Graças a Deus, e aos senhores deputados que os eleitores pensam que elegem para seu bem, a campanha caminha para o fim e espera-se que o árbitro lhe não atribua nenhum tempo extra, tanto mais que não houve substituições. Ninguém sabe para que serviu: não trouxe caras novas e ficou-se pelo mesmo mongolóide vazio de ideias. Tão pouco serviu de inspiração ao Dr Vasco Pulido Valente, outro homem culto que sabe de história, conhece a D. Maria Filomena Mónica, e acha que a bióloga Clara Pinto Correia escreve melhores romances que o emigrante José Saramago. Só ainda não ganhou o Nobel, mas a D. Margarida Rebelo Pinto também não!

11 de janeiro de 2006

A lágrima

Confesso que me comoveu até às lágrimas - eu, que tenho maior dificuldade em soltar a lágrima furtiva do que o Dr Sampaio! - a preocupação patriarcal com que Mário Soares um dia destes afirmava ser a sua eleição para presidente da república importante para o futuro dos nossos filhos. Do mesmo modo que já antes me comovera a preocupação paternal que tinha manifestado em pleno dia de eleições autárquicas, aconselhando legalmente e de forma isenta o voto no seu rebento João. Interpretei a atitude, naturalmente, como um reclamado direito à indignação contra a D. Judite de Sousa e tudo aquilo que ela representa, desde mulher do vermelho Seara - cujo nome será seguramente Fernando Seara Nova! - a agente fantoche de uma comunicação social sectária e parcial a que, felizmente, não pertencem jornais sérios somo o 24 Horas, o Crime e ainda aqueles que o regedor da Madeira tem bem domesticados e seguros pela trela. Este país há-de transformar-se num imenso Portugal, nem tu sabes como tiveste razão antes do tempo Chico!

9 de janeiro de 2006

A campanha, sem Alegre

Acontecimento predominante do fim-de-semana não foi o Sporting ter ficado a ver Braga por um canudo a partir do Bom Jesus. Tão pouco o Benfica ter escacado toda a rica e cara marcenaria da capital do móvel. Nem sequer as meninas de 16 anos, do signo virgem, suspirando por Quaresma ao redor do estádio do Dragão desejando dele um chuto como o que derrotou o Boavista e Loureiros Futebol Clube, SA.

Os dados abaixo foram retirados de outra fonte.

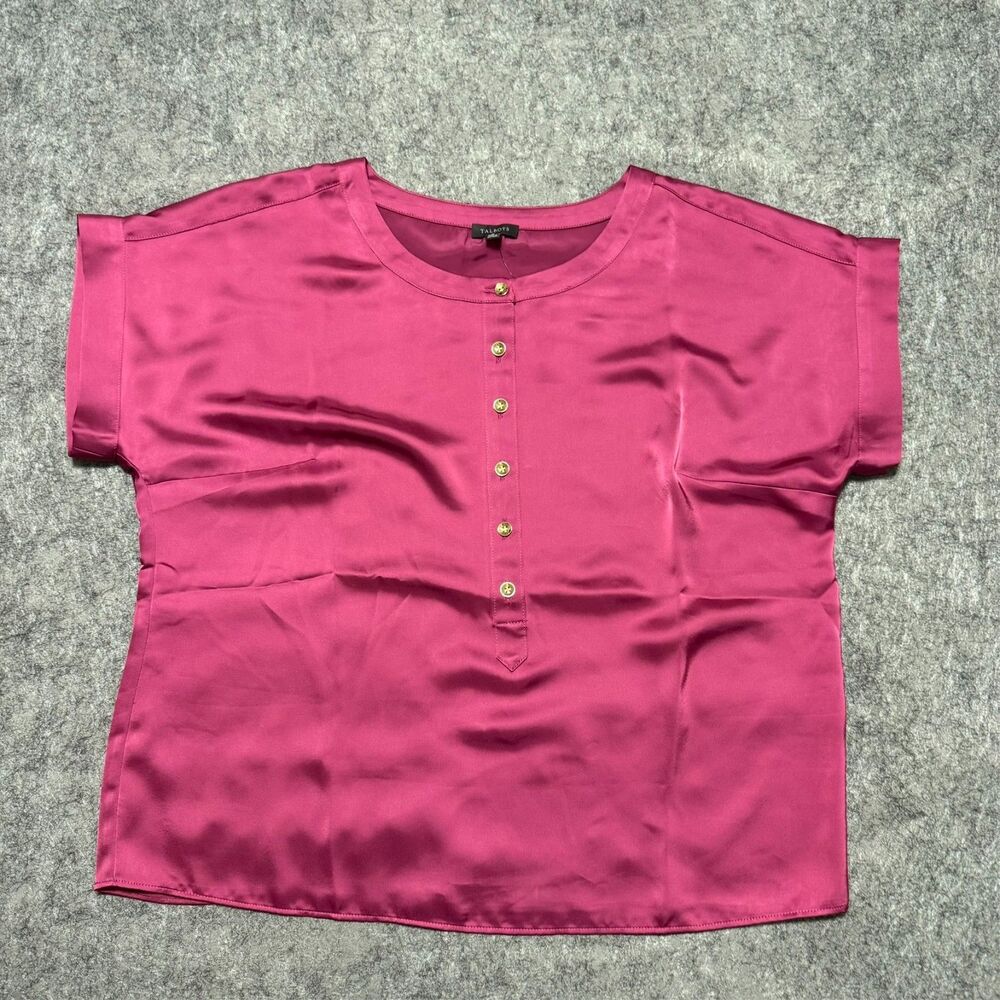 Talbots Womens Smooth Satin Tank Top Shirt Size M Fuchsia Pink Button Placket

Acontecimento predominante foi o início da campanha eleitoral para as presidenciais de 22 de Janeiro. O português comum, como eu acho que sou, já não aguentava a pasmaceira depois das autárquicas de Outubro. A norte, nesta nobre, leal e sempre invicta cidade, o Dr. Rio ganhou a Câmara depois de ter dado continuidade à destruição iniciada pelos seus antecessores, despedido o engenheiro Rui Sá por indecente e má figura, gasto dinheiros públicos a chamar analfabeta à ministra da cultura e transformado numa pedreira a Avenida dos Aliados com a ajuda de dois conhecidos calceteiros ou caceteiros da nossa praça.

Mas o português comum, como eu, vivia naquela ansiedade permanente do mês ter dias a mais e ordenado a menos, não frequentava os concertos na Casa da Música, ouvia os discos pedidos da Rádio Festival e ia aumentando as doses diárias de ansiolíticos e barbitúricos na esperança de que o aumento das portagens lhe trouxesse de regresso alguma felicidade. Três meses daquilo a que os linguistas e os técnicos de marketing chamam de pré-campanha não tinham trazido outra novidade que não fosse o Nacional da Madeira ocupar o segundo lugar na Betandwin Liga's e o professor Vital ocupar-se, de forma isenta e gratuita, da defesa do D. Sebastião e dos méritos da sua excursão ao norte de África.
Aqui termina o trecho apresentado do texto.